Dieu est mort, vivent les dieux !

C’était l’hiver. Un reste de neige marbrait les pelouses du bois ; parfois, nos semelles glissaient sur la glace, qui couvrait comme un linceul des sections du chemin.

Les jours qui s’annonçaient étaient décisifs. Il était question de vie et de mort, et les événements s’apprêtaient à trancher entre l’une ou l’autre.

Ce samedi, nous suivions un itinéraire familier qui longeait un ruisseau quand soudain, à notre gauche, ma sœur vit une corneille qui gisait sur l’herbe gelée d’un talus.

— Regardez !

L’oiseau reposait dignement sur son flanc droit, raide. Ses ailes étaient parfaitement disposées le long de son corps au plumage profond, sans blessure apparente. On aurait dit que quelqu’un l’avait posé là.
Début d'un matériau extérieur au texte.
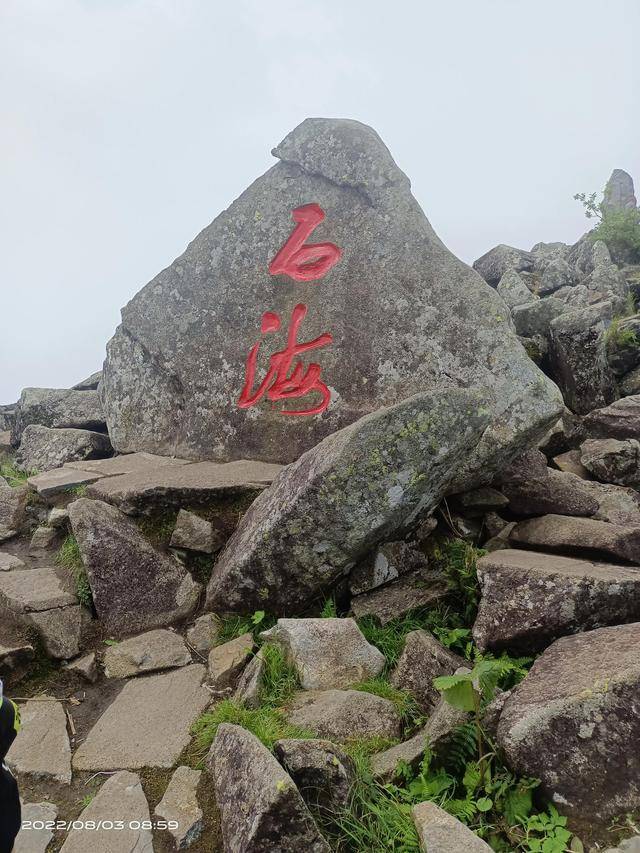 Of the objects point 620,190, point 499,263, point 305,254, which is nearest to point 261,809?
point 305,254

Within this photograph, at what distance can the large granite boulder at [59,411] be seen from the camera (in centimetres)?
1130

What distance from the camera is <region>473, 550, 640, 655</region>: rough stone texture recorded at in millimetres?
4434

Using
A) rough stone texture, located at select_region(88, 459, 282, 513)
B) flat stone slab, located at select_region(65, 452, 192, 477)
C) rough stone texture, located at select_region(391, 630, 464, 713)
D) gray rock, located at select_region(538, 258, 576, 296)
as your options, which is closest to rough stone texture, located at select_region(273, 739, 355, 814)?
rough stone texture, located at select_region(391, 630, 464, 713)

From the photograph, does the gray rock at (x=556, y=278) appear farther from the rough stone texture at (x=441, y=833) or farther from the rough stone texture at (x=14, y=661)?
the rough stone texture at (x=441, y=833)

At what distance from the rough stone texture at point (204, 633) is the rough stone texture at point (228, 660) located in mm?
137

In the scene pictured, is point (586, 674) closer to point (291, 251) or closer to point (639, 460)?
point (639, 460)

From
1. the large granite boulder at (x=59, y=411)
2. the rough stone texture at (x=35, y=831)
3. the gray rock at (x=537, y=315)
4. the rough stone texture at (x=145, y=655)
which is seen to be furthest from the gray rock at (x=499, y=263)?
the rough stone texture at (x=35, y=831)

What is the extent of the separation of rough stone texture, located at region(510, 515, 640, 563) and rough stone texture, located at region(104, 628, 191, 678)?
3737 millimetres

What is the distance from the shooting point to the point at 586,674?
3.55 m

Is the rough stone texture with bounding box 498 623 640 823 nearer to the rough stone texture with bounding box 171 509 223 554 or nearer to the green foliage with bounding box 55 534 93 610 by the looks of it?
the rough stone texture with bounding box 171 509 223 554

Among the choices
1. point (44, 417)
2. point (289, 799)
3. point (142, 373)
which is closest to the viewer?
point (289, 799)

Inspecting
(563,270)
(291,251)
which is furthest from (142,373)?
(563,270)

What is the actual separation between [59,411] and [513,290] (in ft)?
47.5

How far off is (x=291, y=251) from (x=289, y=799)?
21.8 ft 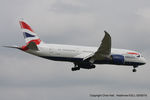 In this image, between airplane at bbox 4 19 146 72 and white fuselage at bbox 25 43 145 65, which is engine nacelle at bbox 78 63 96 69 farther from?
white fuselage at bbox 25 43 145 65

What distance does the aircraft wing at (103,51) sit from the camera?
54.0m

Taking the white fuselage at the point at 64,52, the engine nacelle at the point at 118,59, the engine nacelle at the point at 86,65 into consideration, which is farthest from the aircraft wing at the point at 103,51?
the engine nacelle at the point at 86,65

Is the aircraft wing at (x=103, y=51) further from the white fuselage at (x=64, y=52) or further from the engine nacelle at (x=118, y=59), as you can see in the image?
the engine nacelle at (x=118, y=59)

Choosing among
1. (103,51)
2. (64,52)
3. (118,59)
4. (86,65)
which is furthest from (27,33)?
(118,59)

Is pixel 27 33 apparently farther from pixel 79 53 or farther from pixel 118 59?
pixel 118 59

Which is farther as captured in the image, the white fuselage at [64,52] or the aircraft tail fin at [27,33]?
the aircraft tail fin at [27,33]

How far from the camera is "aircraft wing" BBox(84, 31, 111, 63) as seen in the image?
54025mm

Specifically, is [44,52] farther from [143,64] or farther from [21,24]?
[143,64]

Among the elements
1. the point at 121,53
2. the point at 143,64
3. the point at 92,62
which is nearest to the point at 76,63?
the point at 92,62

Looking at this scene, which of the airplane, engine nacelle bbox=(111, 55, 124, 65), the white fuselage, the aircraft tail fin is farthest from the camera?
engine nacelle bbox=(111, 55, 124, 65)

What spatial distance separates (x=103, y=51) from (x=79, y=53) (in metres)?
3.87

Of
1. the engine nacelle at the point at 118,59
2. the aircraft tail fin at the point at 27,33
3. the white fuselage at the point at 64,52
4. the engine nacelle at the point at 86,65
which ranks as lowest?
the engine nacelle at the point at 86,65

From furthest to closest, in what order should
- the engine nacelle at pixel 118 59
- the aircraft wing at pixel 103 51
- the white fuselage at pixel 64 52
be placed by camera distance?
the engine nacelle at pixel 118 59, the white fuselage at pixel 64 52, the aircraft wing at pixel 103 51

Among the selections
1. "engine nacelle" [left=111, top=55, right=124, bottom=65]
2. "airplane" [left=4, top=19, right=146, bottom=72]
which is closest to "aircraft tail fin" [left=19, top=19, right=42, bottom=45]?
"airplane" [left=4, top=19, right=146, bottom=72] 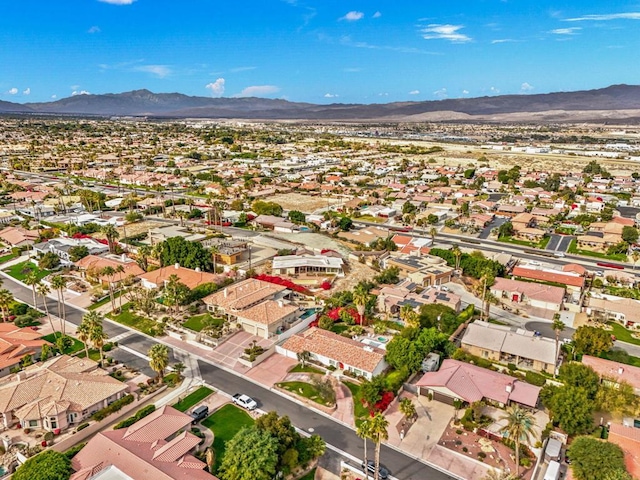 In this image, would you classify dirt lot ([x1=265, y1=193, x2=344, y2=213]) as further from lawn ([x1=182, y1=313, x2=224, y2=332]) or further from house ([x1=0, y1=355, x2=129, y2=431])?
house ([x1=0, y1=355, x2=129, y2=431])

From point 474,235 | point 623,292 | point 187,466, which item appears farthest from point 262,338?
point 474,235

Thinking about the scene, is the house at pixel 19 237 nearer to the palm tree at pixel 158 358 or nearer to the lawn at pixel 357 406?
the palm tree at pixel 158 358

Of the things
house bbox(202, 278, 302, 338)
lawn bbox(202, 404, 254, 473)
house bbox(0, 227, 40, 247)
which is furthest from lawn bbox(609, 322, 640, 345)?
house bbox(0, 227, 40, 247)

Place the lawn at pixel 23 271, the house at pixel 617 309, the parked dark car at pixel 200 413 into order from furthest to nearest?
the lawn at pixel 23 271
the house at pixel 617 309
the parked dark car at pixel 200 413

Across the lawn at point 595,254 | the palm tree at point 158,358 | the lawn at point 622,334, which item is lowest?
the lawn at point 622,334

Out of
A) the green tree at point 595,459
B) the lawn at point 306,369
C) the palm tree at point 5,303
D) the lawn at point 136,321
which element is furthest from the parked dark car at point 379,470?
the palm tree at point 5,303

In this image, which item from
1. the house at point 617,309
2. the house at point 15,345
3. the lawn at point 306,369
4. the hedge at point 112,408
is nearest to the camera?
the hedge at point 112,408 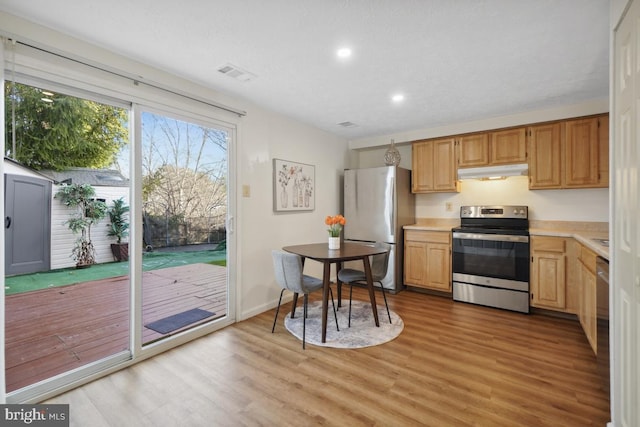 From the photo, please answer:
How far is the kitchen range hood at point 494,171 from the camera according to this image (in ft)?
11.7

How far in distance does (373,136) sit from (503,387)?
3.69 meters

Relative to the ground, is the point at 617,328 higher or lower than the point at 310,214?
lower

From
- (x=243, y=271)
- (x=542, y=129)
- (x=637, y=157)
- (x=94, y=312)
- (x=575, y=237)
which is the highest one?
(x=542, y=129)

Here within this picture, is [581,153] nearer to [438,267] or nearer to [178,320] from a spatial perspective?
[438,267]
— C’est la première fois que je vois un corbeau mort.
— Moi aussi. En plus il est intact. Pas un animal n’est venu le bouffer, un rat ou un renard par exemple, alors qu’il y en a qui traînent ici.

Nous continuâmes notre promenade et nous en restâmes là.


Le lendemain, je vis L’Iliade qui trônait encore sur notre table basse. Alors je m’interrogeai : qu’auraient pensé les Grecs devant cet oiseau ? Y auraient-ils vu un présage d’Apollon « à l’arc magnifique » ? Qu’aurait dit le fameux Calchas ?

« […] Calchas […],
le Thestoride, de loin le meilleur interprète d’oracles,
qui connaissait les choses qui sont, qui seront et qui furent,
l’homme qui sut conduire en Troade la flotte achéenne
grâce au don qu’il reçut d’Apollon, le pouvoir de voyance. »

L’Iliade, Homère, traduction de Philippe Brunet, Points, 2012, chant 1, vers 68 à 72.

Le message me parut évident : cet oiseau noir, prédateur et charognard, retors, porteur de mort, avait été terrassé. Un dieu nous faisait savoir qu’il avait débarrassé notre chemin de la mort et que nous pouvions poursuivre notre route, ensemble, sans laisser personne derrière nous.

Pouvait-il y avoir plus beau signe d’espoir ?


La mythologie grecque n’est peut-être qu’un mensonge, mais c’est le plus beau de tous. Elle donne au monde une poésie que la science et les grandes religions actuelles ne parviennent pas à égaler. Chaque jour est un poème introduit par Aurore « doigts-de-rose », qui ouvre les portes du ciel à son frère Hélios.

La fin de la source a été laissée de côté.